Worldbuilding is a crucial aspect of writing fiction, particularly in genres like fantasy and science fiction.
Remember that worldbuilding is a dynamic process that evolves as you write. Don't be afraid to experiment and make changes to your world as needed to serve the story.
Here are some tips to help you build a rich and immersive world:
Start with a Core Concept: Every world begins with an idea. Whether it's a magic system, a futuristic society, or an alternate history, have a clear concept that serves as the foundation for your world.
Define the Rules: Establish the rules that govern your world, including its physical laws, magic systems, societal norms, and cultural practices. Consistency is key to creating a believable world.
Create a Detailed Map: Optional, but helpful. Develop a map of your world to visualise its geography, including continents, countries, cities, and landmarks. Consider factors like climate, terrain, and natural resources to make your world feel authentic.
Build a History: Develop a rich history for your world, including key events, conflicts, and historical figures.
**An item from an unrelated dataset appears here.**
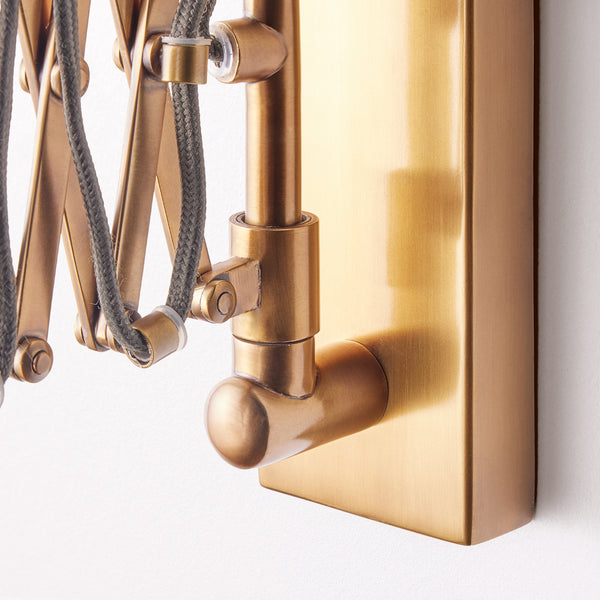 Tina wall fixture in antique brass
Consider how past events have shaped the present and influenced the cultures and societies within your world.
Develop Cultures and Societies: Create diverse cultures and societies within your world, each with its own beliefs, traditions, languages, and social structures. Explore how different cultures interact and conflict with one another.
Flesh Out Characters: Populate your world with memorable characters who reflect its diversity and complexity. Consider how their backgrounds, motivations, and personalities are shaped by the world around them. (See my post on character development for more!)
Consider Technology and Magic: Determine the level of technology and the presence of magic in your world, and how they impact daily life, society, and the overall narrative.
Think about Economics and Politics: Consider the economic systems, political structures, and power dynamics within your world. Explore issues like inequality, governance, and social justice to add depth to your worldbuilding.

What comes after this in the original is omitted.